The background to this is continuing evidence to Westminster committees that a no impact Border is impossible to create if the UK as a single trade area leaves the Customs Union or Single Market.
What we need is a lot more clarity and a lot less spin.
What exactly is our government’s bottom line? While it says it doesn’t want a hard border when will it give us a proper definition of what this means? Is it simply about the physical management of the border or does it encompass wider regulatory issues? Will we block the Withdrawal Treaty later this year if it does not include the current proposed backstop? What is the process by which the enormous gap between the EU position and UK position on the specifics of the backstop will be bridged?
Instead of more short-term spin it’s long since passed the time when we need some clarity on these issues. Unless we get it the suspicion will be that whatever emerges will be declared a victory irrespective of its likely divisive impact on this island.
The Summit will also address the issue of future steps in relation to taxation and in particular digital taxation. Fianna Fáil strongly objects to the attempt to push forward a proposal on which even the most basic background work has not been prepared. There has been no attempt to outline its impact on member states. It is a headline not a policy and it fails to address any of the causes of economic problems in the Eurozone or the Union as a whole. No member state would propose such a speculative measure within its own legislative process. It should be sent back to the Commission to be reworked in light of the OECD’s work and not returned until an impact assessment is produced.
In terms of the wider economic reform agenda, it is the duty of the Taoiseach to explain here the full detail of what he appears to be signing Ireland up to. It has been reported that Ireland is against an expansion of the EU’s budget and is against a number of measures which would give the EU some fiscal clout. It is also reported that we have aligned ourselves with countries who oppose some important elements of a true banking union.
The truth of these reports is unclear because the Taoiseach has made no public statement on them and his normally hyper-active briefers have said nothing to our journalists. He needs to deal with this before moving further and he should seek the legitimacy of a Dáil vote.
Our position remains that we believe in the need to expand the Union’s budget, if necessary through a new dedicated revenue stream, and that addressing the causes of the Eurozone crisis requires a more comprehensive set of reforms.
It is also reported that the replacement for Mario Draghi at the ECB is being negotiated. Mr Draghi is the person most responsible for the recovery of recent years. Under no circumstance should Ireland support a candidate who opposed the policies which saved the Euro and addressed the enormous errors which pushed Ireland and others into further difficulties.

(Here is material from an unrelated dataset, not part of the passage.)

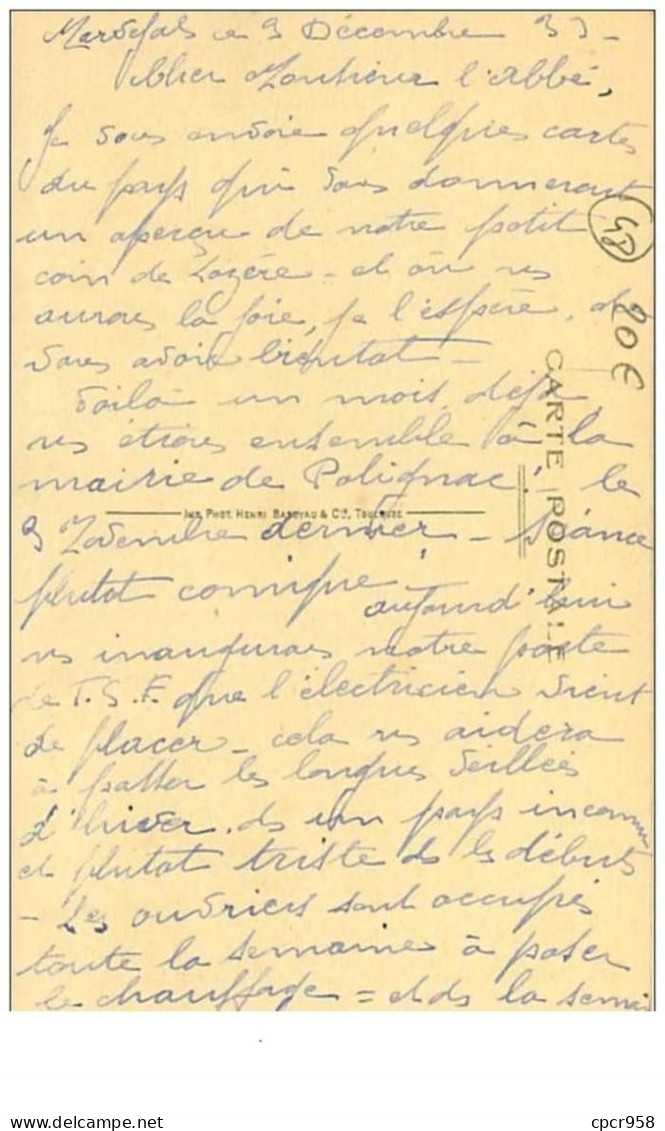 48.MARVEJOLS.n°6.AVENUE SAVORGNAN DE BRAZZA.POSTES TELEGRAPHES.HOTEL - Marvejols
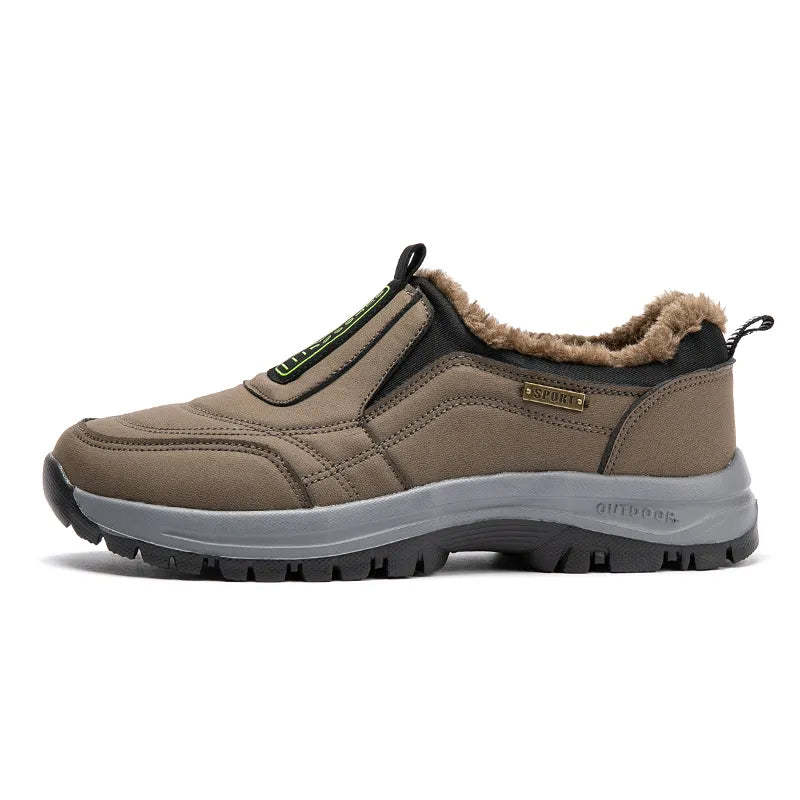 Men's Orthopedic Slip-On Winter Walking Shoes - Fleece-Lined, Waterproof & Anti-Slip Rubber Sole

The summit will also respond to the murders and attempted murders of Russians in the UK. There is no credible doubt about who is responsible for this savagery. This is a defining moment for Europe and the democratic world. Will we defend the rule of law or will we allow an increasingly undemocratic and aggressive country to undermine it?
While it is understandable that the UK’s decision to turn its back on strong cooperation between European states causes real anger, we must not have any doubt that we stand with them on this issue.

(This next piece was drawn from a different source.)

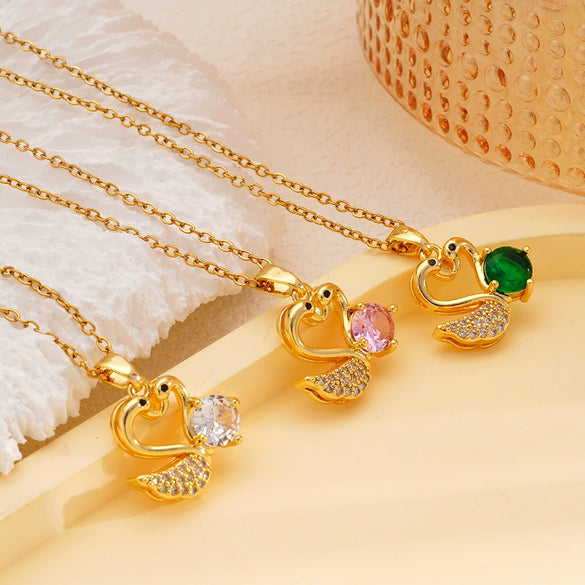 Wholesale Women's Copper Necklace With Swan Shape Inlaid With Zircon Electroplated Light Luxury Design Cross Chain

The response so far has been weak enough. Any proposal to reduce sanctions or appease anti-EU aggression should be opposed.
In this context, I believe that our government should immediately reverse its resistance to Deputy Lawless’s bill to protect our elections and must significantly increase the resourcing on the Data Protection Commissioner. Because of the companies based here we have a responsibility to work with and for other European states in addressing the already real attack on democratic discourse.